Problem requirements :: It would help if you retyped the data exactly, leaving out the pictures.

Recorded data ::
---
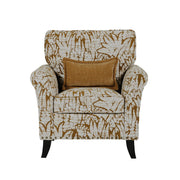 Front view of the Pippa Accent Chair, featuring a brown and white abstract leaf pattern, curved arms, black legs, and a coordinating brown accent pillow.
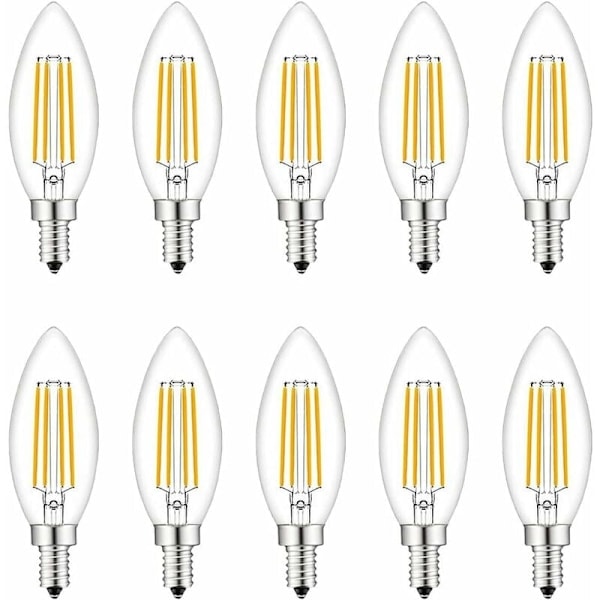 /HA/Små skruvbara LED-lampor, 10-pack E14 Ljuslykta Dimbar, Glödlampor 40W E14/SES motsvarande, 220V, Varmvit 2700K, FanciBuy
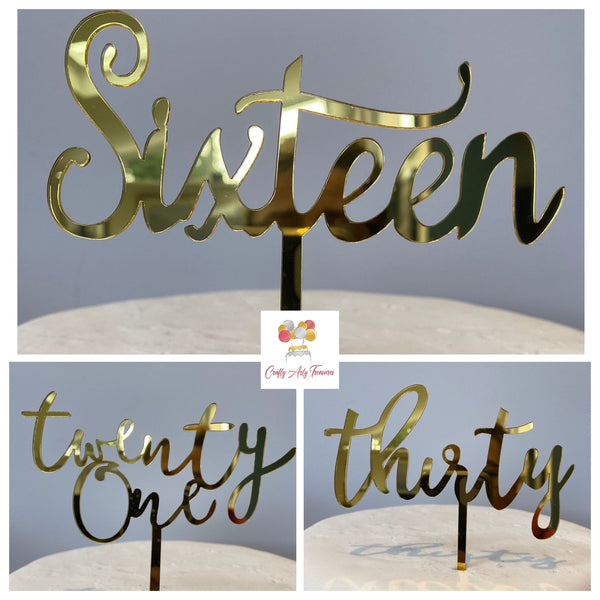 16th, 21st, 30th Acrylic Calligraphy Birthday Cake Topper Signs in Various Colours Oh So Crafty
---
Result of this task ::
 Front view of the Pippa Accent Chair, featuring a brown and white abstract leaf pattern, curved arms, black legs, and a coordinating brown accent pillow.
 /HA/Små skruvbara LED-lampor, 10-pack E14 Ljuslykta Dimbar, Glödlampor 40W E14/SES motsvarande, 220V, Varmvit 2700K, FanciBuy
 16th, 21st, 30th Acrylic Calligraphy Birthday Cake Topper Signs in Various Colours Oh So Crafty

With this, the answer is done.